Me acerco a ti, pero me incomoda que rompas mis esquemas, mi forma de pensar, de vivir; no me gusta que me muestres mis incoherencias y me conduzcas adonde no quiero ir.

Dame un corazón humilde y una mente abierta, para acoger tus sorpresas sin miedo, para recibir tu bendición como quieras y donde quieras, para confiar en que tus planes son más grandes y bellos que los míos. Amén. 

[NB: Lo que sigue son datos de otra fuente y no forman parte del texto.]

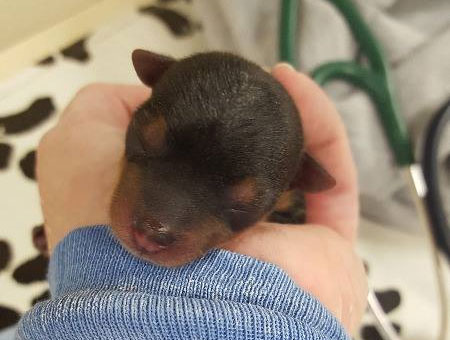 Puppy Care
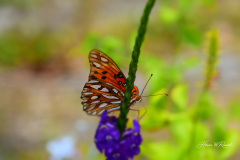Photo by Randy Cook
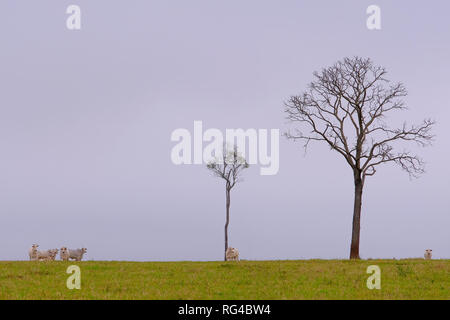 Indo-Brazilian bovini, Bos Taurus Indicus, brasiliano zebù razza di manzo, con alberi su terreni agricoli, Brasile Foto Stock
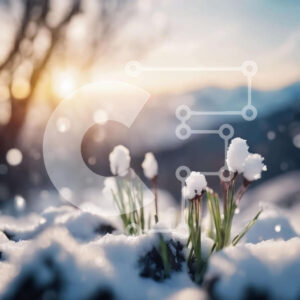 Intra Συλλεκτικό Ξύλινο Παζλ Plywood  4mm - Χιονισμένο τοπίο με λουλούδια Σε Ξύλινο Κουτί - Διαστάσεις: 10x10 cm – 25 κομμάτια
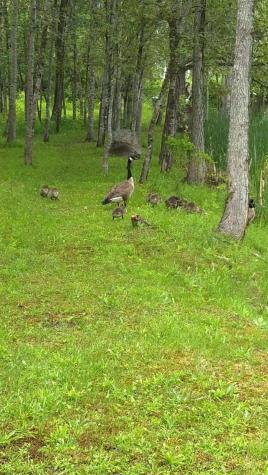 0 Overlook Drive Saranac NY 12981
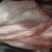 牛肺管，去油，生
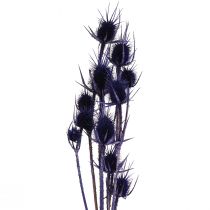 Artikel Wild Teasel Tørrede Blomster Teasel Tidsler Lilla 55cm 10 hoveder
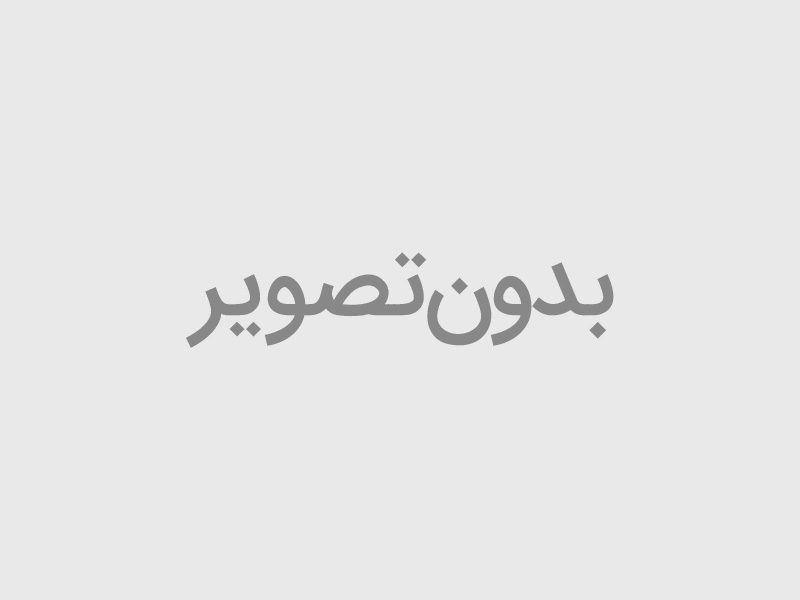 سبد گارد محافظ انواع گوشی ها (بصورت عمده) 175 تایی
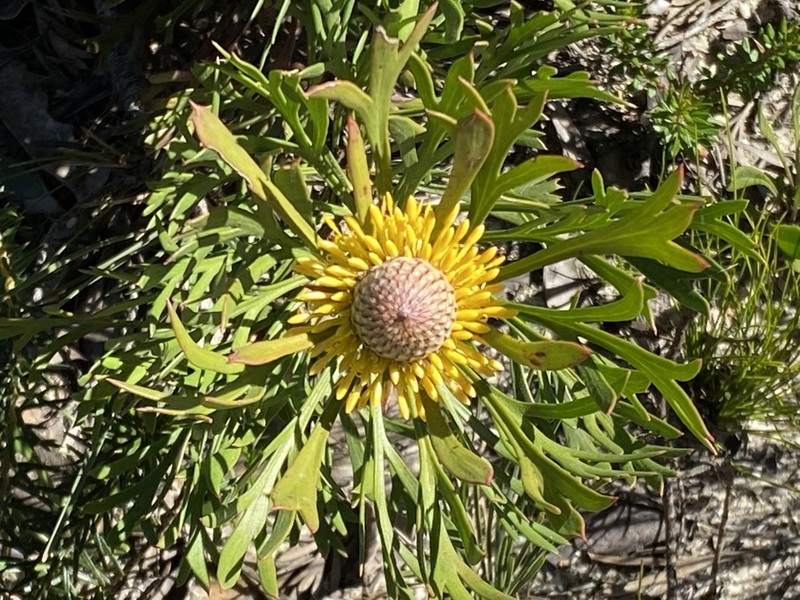 Isopogon anemonifolius photo 6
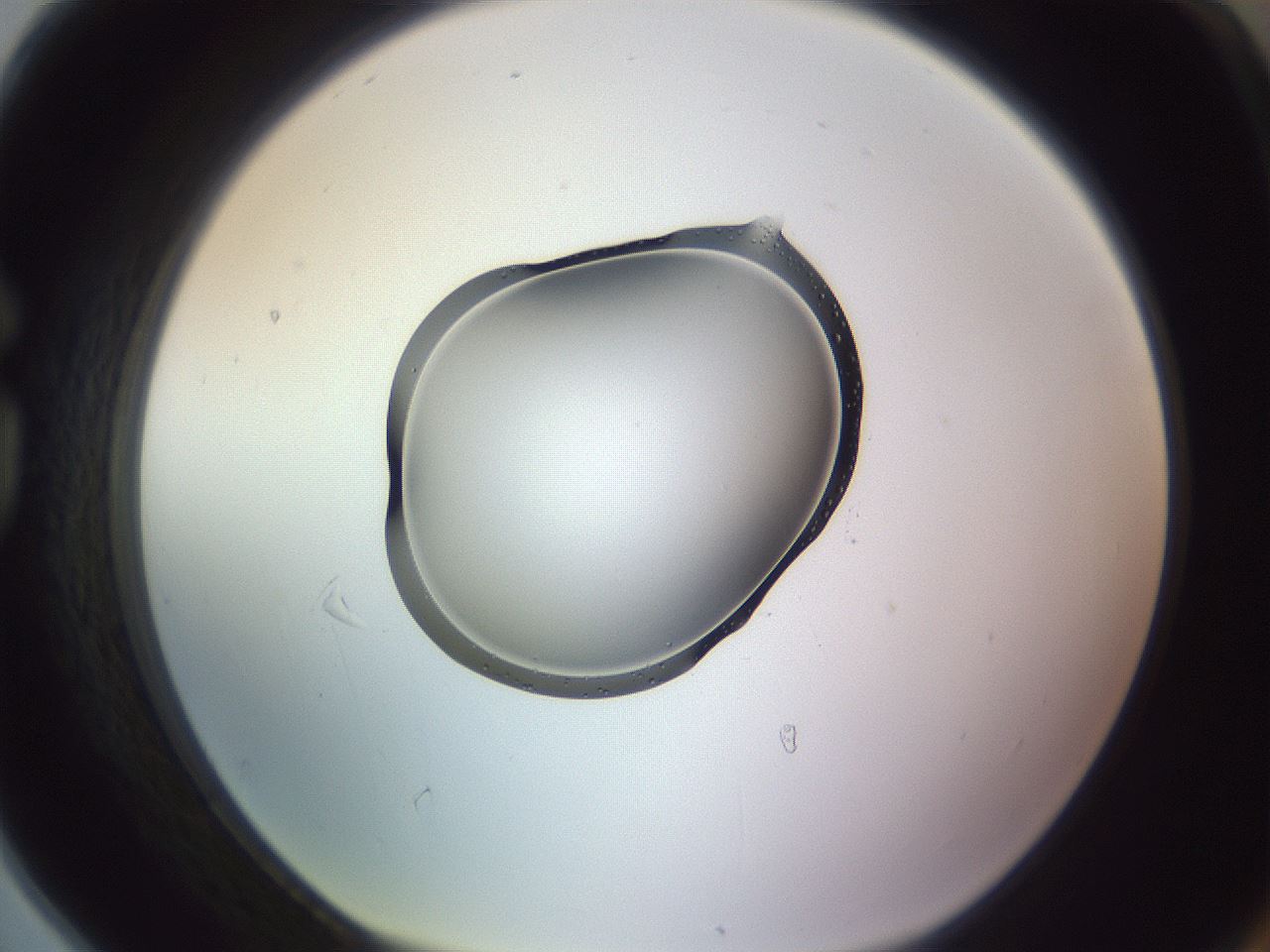 folderID603_plateID1603_batchID6730_wellNum78_profileID1_d1_r106510_ef.jpg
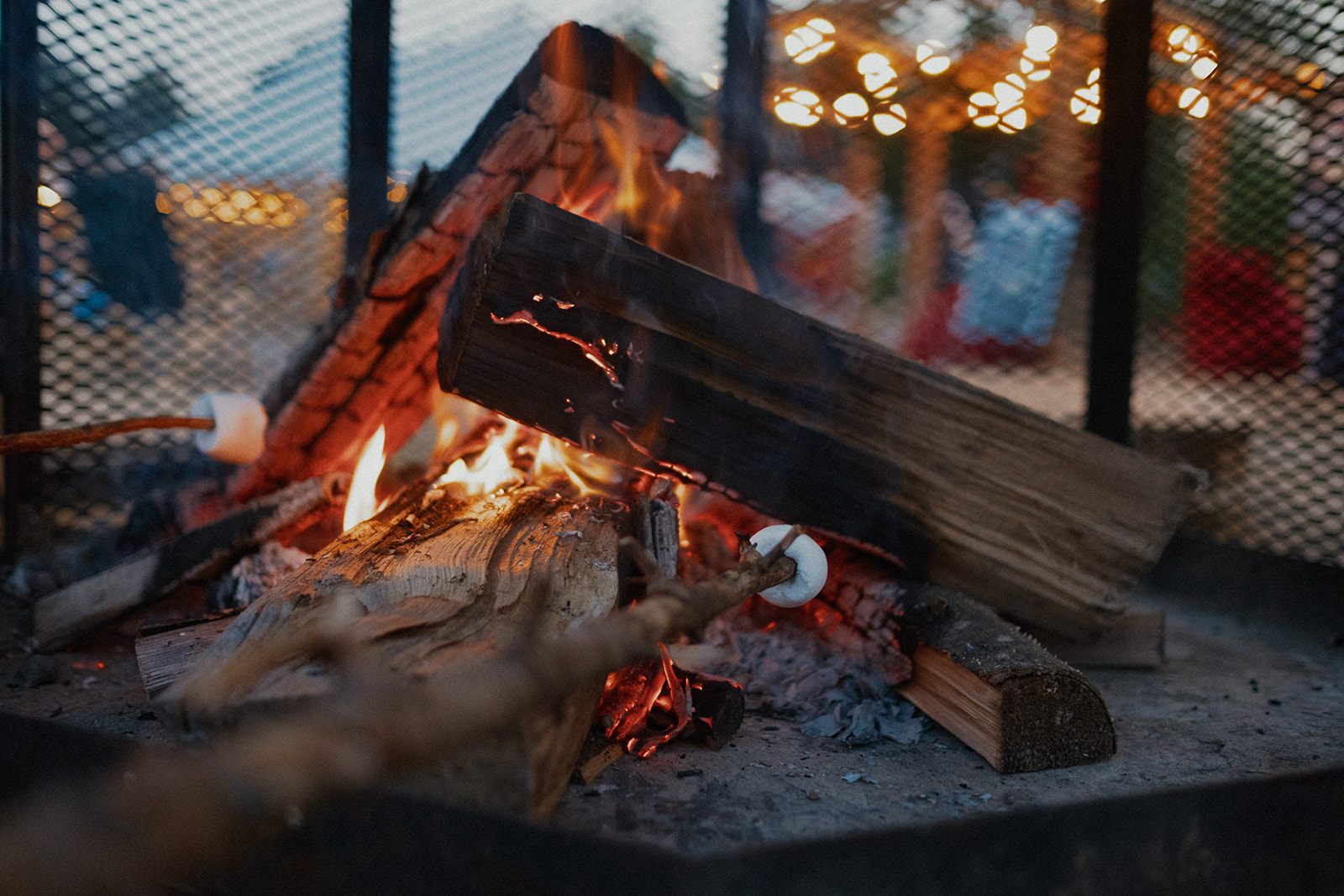 a48dafdf2fbb772c8149a912e5edad5e_MD5 1.jpg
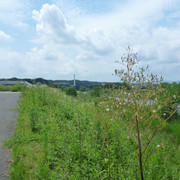 P1330226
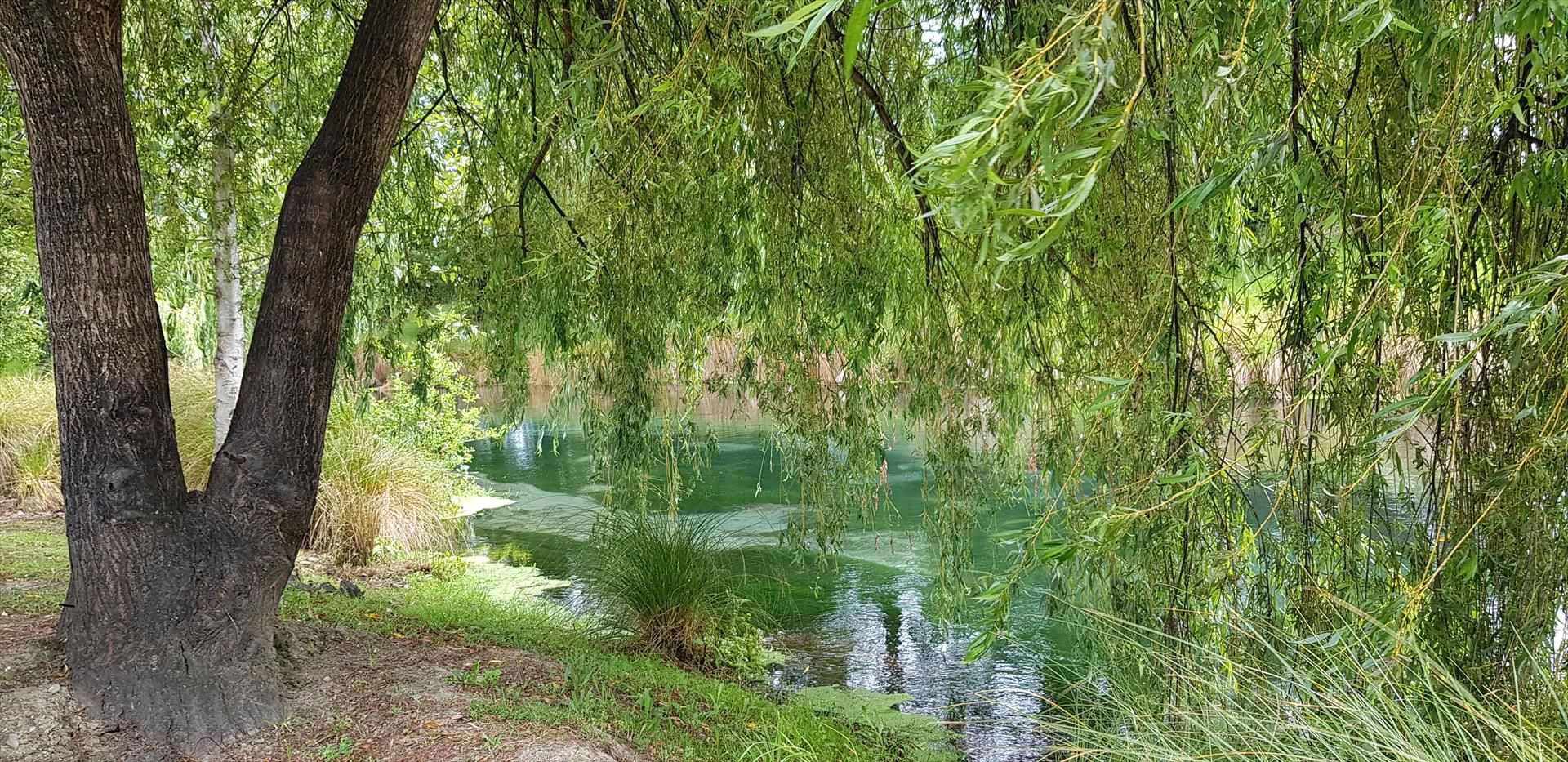 Spring Creek Holiday Park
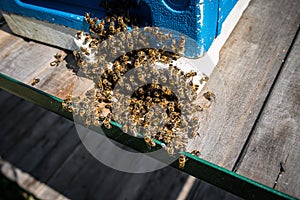 Bee Brains Hold Temp Steady to Slow Cook Hornet near hive entrance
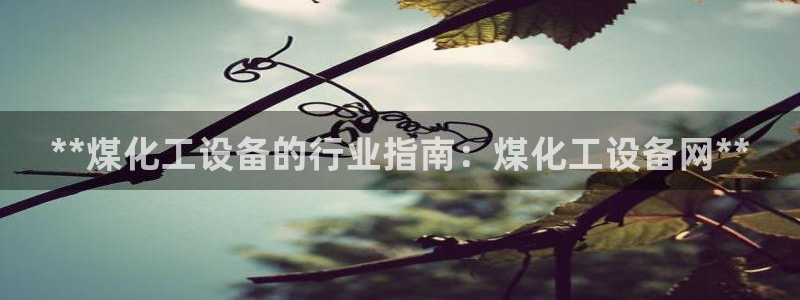 门徒平台链接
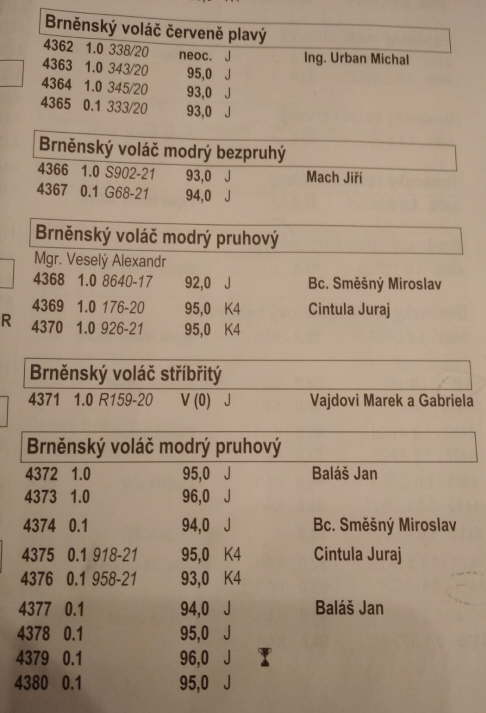 05_Katalog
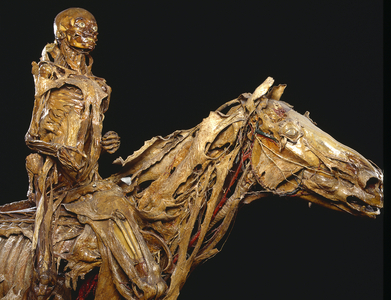 Ecorche de Honore Fragonard/Horse and rider/Musee Fragonard of the veterinary school of Maisons-Alfort/Val de Marne/Ile de France/France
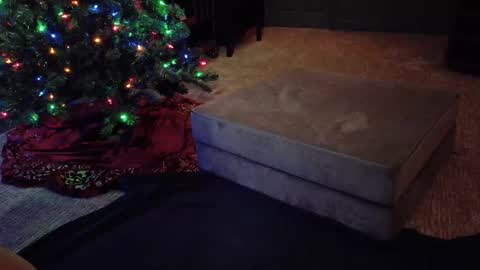 Snapshot of scout_has_fun chatting on 12-10-24, 04:56 Scout has fun online show from 12-10-24, 04:56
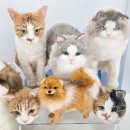 털뭉치 | 털뭉치 연구소 성수동 팝업 솔직 체험 후기 ~12.21 ★★★☆☆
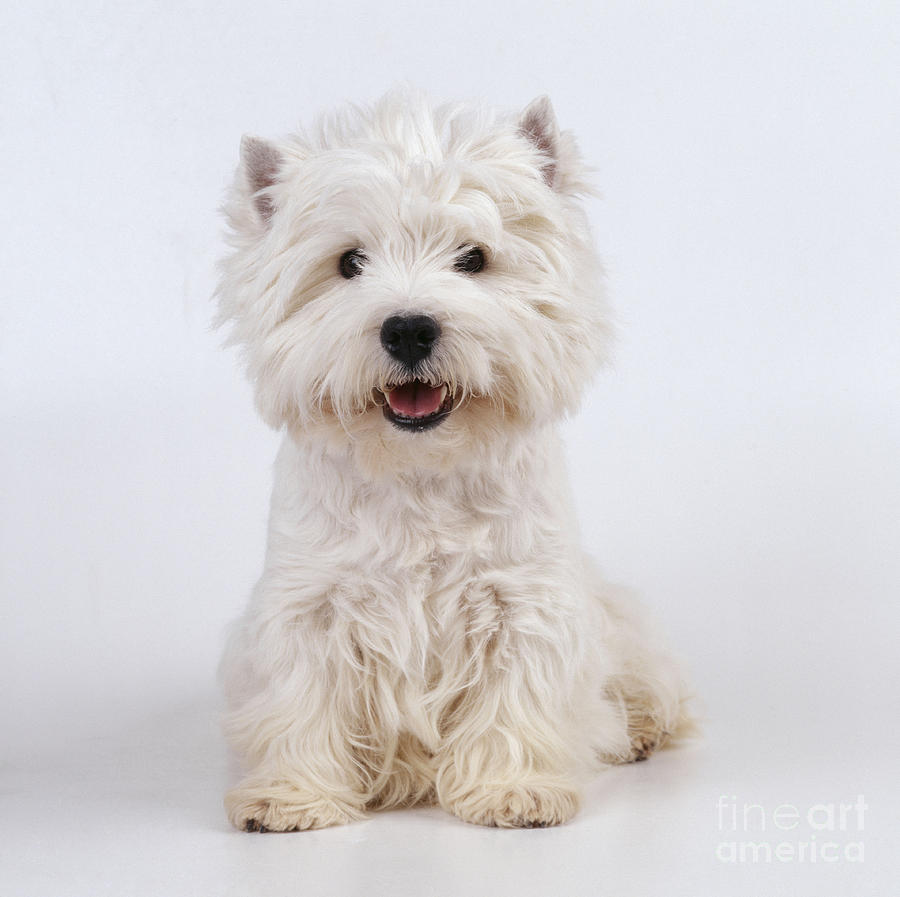 Dog Photograph - West Highland White Terrier Dog by John Daniels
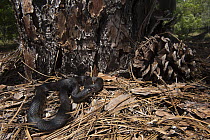 Black Pinesnake (Pituophis melanoleucus lodingi) among pine needles and pine cone, native to the southern United States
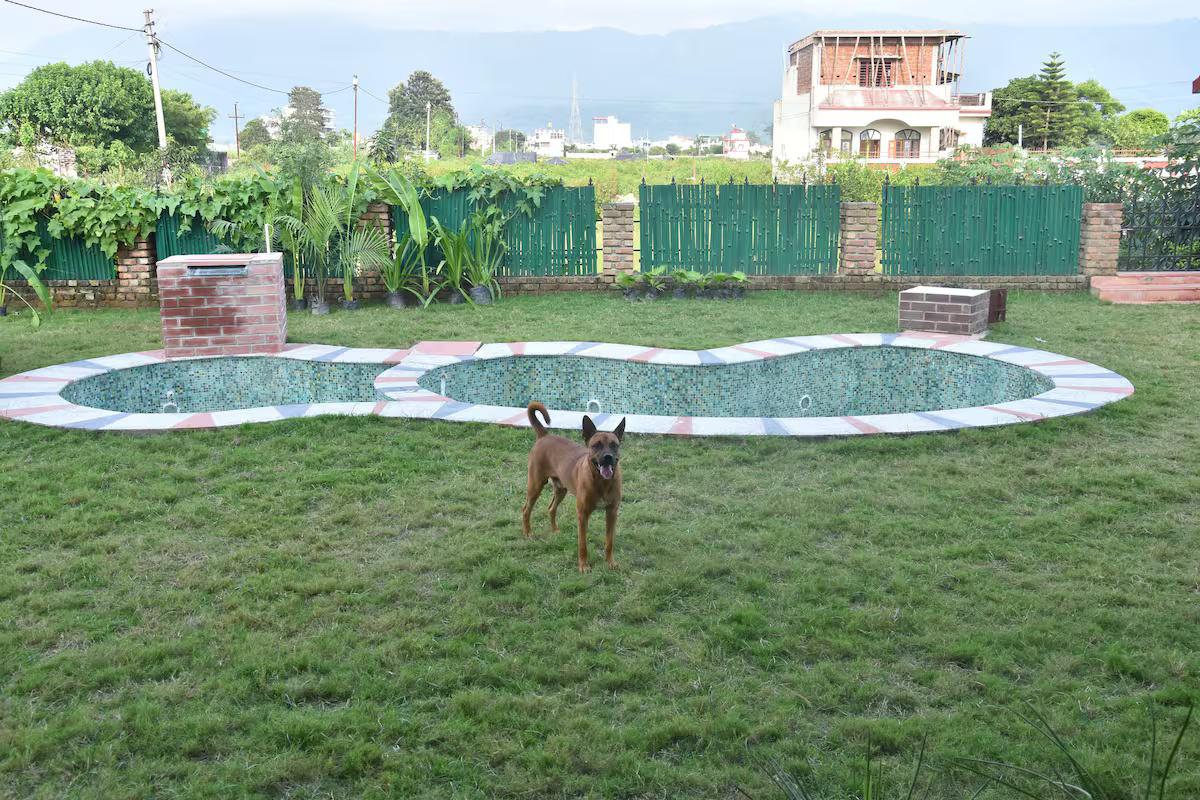 Aasana Rishikesh x Solis Nature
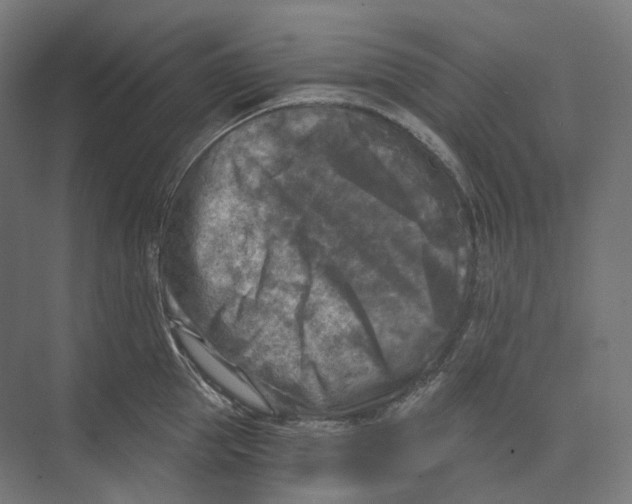 X0000073860953200609071629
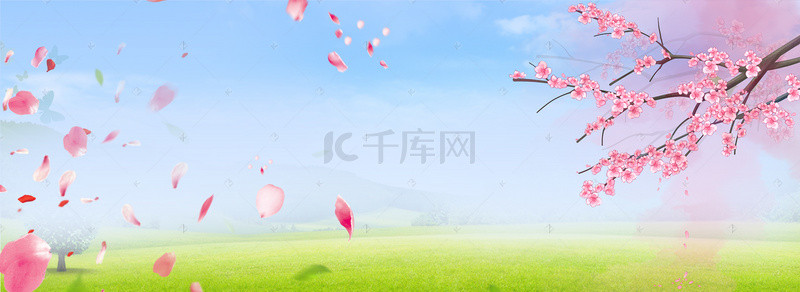 花瓣梦幻背景背景图片_桃花花瓣梦幻蓝色banner背景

jueves, 29 de enero de 2026

El susurro de Dios

Gracias, Cristo, porque al nacer te inclinaste hacia nuestra pequeñez y tocaste con tu luz la oscuridad de nuestro mundo. Gracias porque en tu Bautismo te uniste a nosotros, pecadores, cargando sobre tus hombros el peso de nuestras culpas y regalándonos la fortaleza que brota de tu amor.
Gracias, Cristo, porque no viniste a ser servido, sino a servir, a servirnos. Porque no rompes la caña herida ni apagas la llama temblorosa. Porque edificas tu Reino con la fuerza de los débiles, la riqueza de los pobres, la bondad de los que fallan, la sabiduría de los sencillos y la grandeza de los pequeños. Gracias por mirarme, por llamarme, por contar conmigo.
Gracias, Padre, porque en nuestro bautismo, y cada vez que dejamos que tu voz resuene en nuestro interior, nos susurras: “Tú eres mi hija amada. Tú eres mi hijo predilecto”. Gracias por tu amor que abraza, por tu ternura que sostiene, por tu corazón que acoge.

Gracias, Espíritu Santo, porque renuevas nuestro corazón y lo modelas para caminar en el servicio, siguiendo las huellas de Jesús. Amén.